Die in praktischer Hinsicht am häufigsten vorkommende Art der Trennung von Eheleuten ist der Auszug eines Ehegatten aus der gemeinsamen Mietwohnung, wohingegen der andere dort (zumindest noch eine Zeit lang) wohnen bleibt. Welcher Ehegatte haftet dann letztendlich für den anfallenden Mietzins? Können Unterhaltsansprüche bei dieser Beurteilung eine Rolle spielen?

B. Inhalt und Gegenstand der Entscheidung

Die verheirateten Beteiligten leben seit Januar 2015 getrennt. Der Antragsgegner ist im Januar 2015, die Antragstellerin und die beiden gemeinsamen Kinder zum 01.05.2015 in eine neue, kleinere Wohnung, für die sie eine Nettomiete von 335 Euro monatlich zahlt, gezogen. Die Eheleute hatten den gemeinsam abgeschlossenen Mietvertrag der Ehewohnung fristgerecht zum 30.04.2015 gekündigt.
Die Antragstellerin hat die Nettomiete der Ehewohnung von monatlich 715 Euro sowie die Nebenkosten für die Monate Februar bis April 2015 allein bezahlt. Der Antragsgegner hat u.a. im Zeitraum von Februar bis April 2015 an die Antragstellerin Trennungsunterhalt von 952 Euro monatlich und Kindesunterhalt von insgesamt 748 Euro monatlich gezahlt. Bei der Berechnung des Unterhalts sind die Verbindlichkeiten aus dem Mietvertrag nicht berücksichtigt worden.
Das OLG Bremen führt aus, dass die Ehegatten auch nach dem Auszug des Antragsgegners im Innenverhältnis grundsätzlich hälftig auf die Miete haften (§ 426 Abs. 1 BGB). Allein aus der Tatsache, dass die Antragstellerin noch drei Monate in der Wohnung verblieb, während der Antragsgegner nach seinem Auszug im Januar 2015 eine anderweitige Unterbringung finden musste, ergebe sich noch keine anderweitige Bestimmung im Sinne der Norm.

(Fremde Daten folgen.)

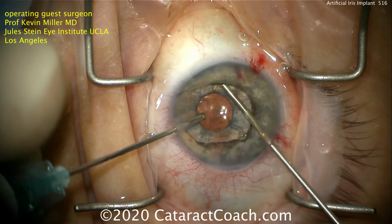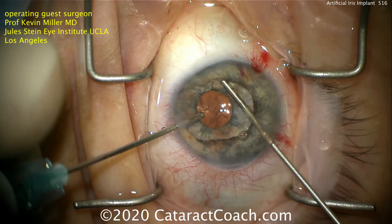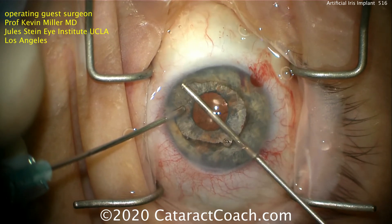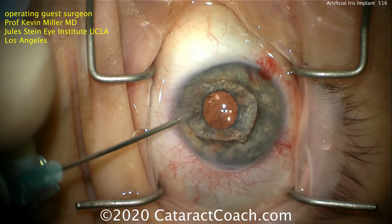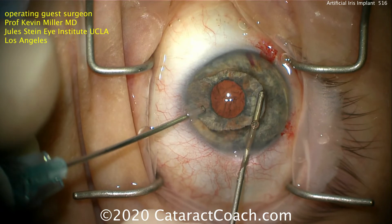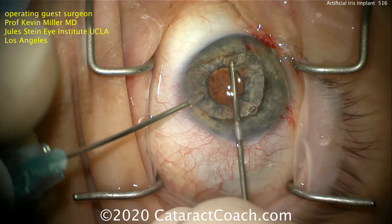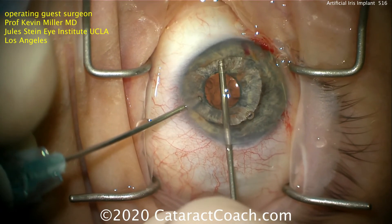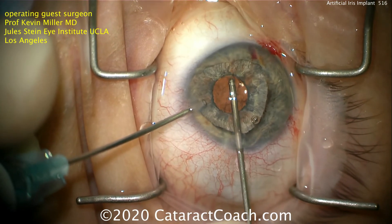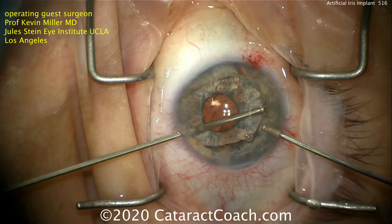Now, in a brown-eyed person, this probably wouldn't matter much because it would be very difficult to see. But this is a patient who has very light blue eyes — the other eye in this patient is a very light blue color — and if we leave this dark pigment there, it'll be noticeable. Look how nicely it's cleaned up just by using that vitrector. We still need the iris there to form the sulcus, but it's just this margin here that Dr. Miller carefully removes — that darkly pigmented edge — and that allows this new implant, the Human Optics artificial iris, to very nicely blend in with the remaining iris tissue.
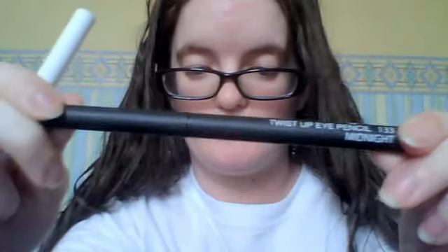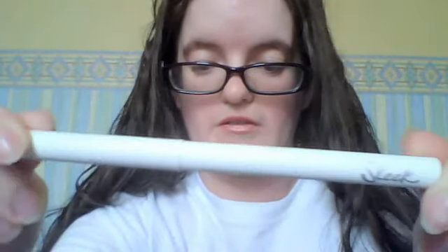It looks like the macro garden blush and the normal person blush. Next thing is the squish eye pencils in black and white — and that one is just a white colour, I don't know if you can see it.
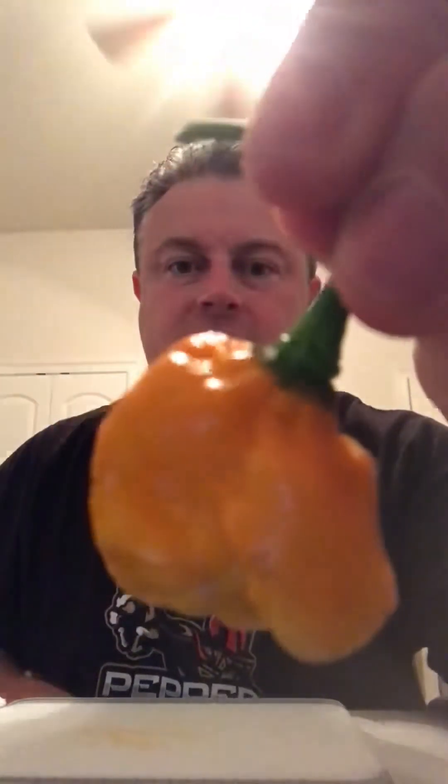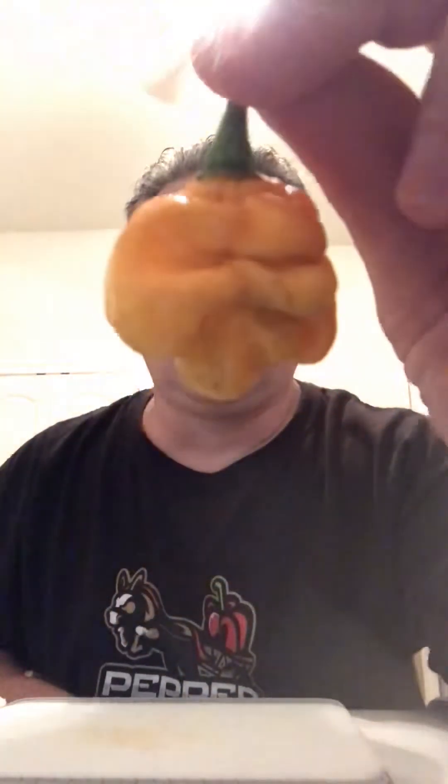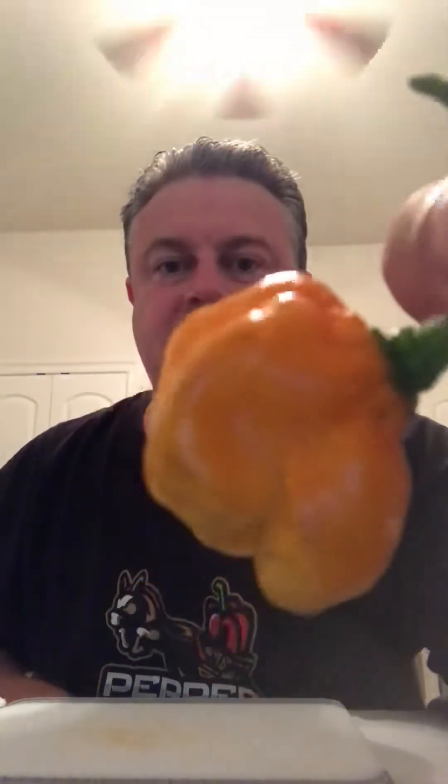Hey everybody, this is Rocky. I just wanted to do another quick pepper review tonight. I have a yellow moruga scorpion that I just picked. Last year I grew these out and had perfect phenos — the typical rounded moruga pheno with the little ball at the bottom — but for some reason this year they're growing with a kind of strange shape to them. I'm sure they're still pretty potent, so let's get down to it.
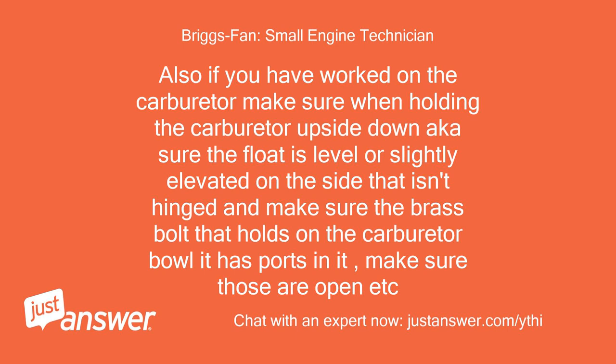Also, if you have worked on the carburetor, make sure when holding the carburetor upside down, make sure the float is level or slightly elevated on the side that isn't hinged, and make sure the brass bolt that holds on the carburetor bowl has ports in it. Make sure those are open.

Da die Eheleute gemeinsam nach der Trennung unter Einhaltung der gesetzlichen Kündigungsfrist von drei Monaten das Mietverhältnis beendet hatten, entsprach es auch der wirtschaftlichen Vernunft, dass die Antragstellerin und die Kinder noch während dieser drei Monate die Wohnung nutzten.
Eine anderweitige Bestimmung i.S.d. § 426 Abs. 1 Satz 1 BGB könne auch nicht darin zu sehen sein, dass der Antragsgegner während der verfahrensgegenständlichen drei Monate an die Antragstellerin sowohl Trennungs- als auch Kindesunterhalt gezahlt hat. Denn der insoweit darlegungsbelastete Antragsgegner habe nicht vorgetragen, dass die Miete monatlich vom Einkommen der Antragstellerin abgezogen wurde und sich dadurch ihr Unterhaltsanspruch ihm gegenüber erhöht habe. Weder eine unmittelbare noch eine mittelbare tatsächliche Beteiligung des Antragsgegners am Abtrag der Miete habe nach Aktenlage stattgefunden.
Zu berücksichtigen sei aber, dass die Ehefrau seit dem 01.05.2015 eine kleinere Wohnung bewohnt, für die 335 Euro Nettomiete pro Monat anfallen. Die 335 Euro hätte die Antragstellerin bei Anmietung einer nach der Trennung angemessenen kleineren Wohnung ohnehin alleine tragen müssen. Gleiches gelte für die Nebenkosten. Dementsprechend könne sie nur eine hälftige Beteiligung des Antragsgegners an den darüber hinaus für die ehemalige Ehewohnung anfallenden Mietkosten verlangen. Die Differenz zwischen diesem Betrag und den für die ehemalige Ehewohnung gezahlten 715 Euro beträgt 380 Euro. Von diesen habe der Antragsgegner die Hälfte und somit 190 Euro monatlich zu zahlen.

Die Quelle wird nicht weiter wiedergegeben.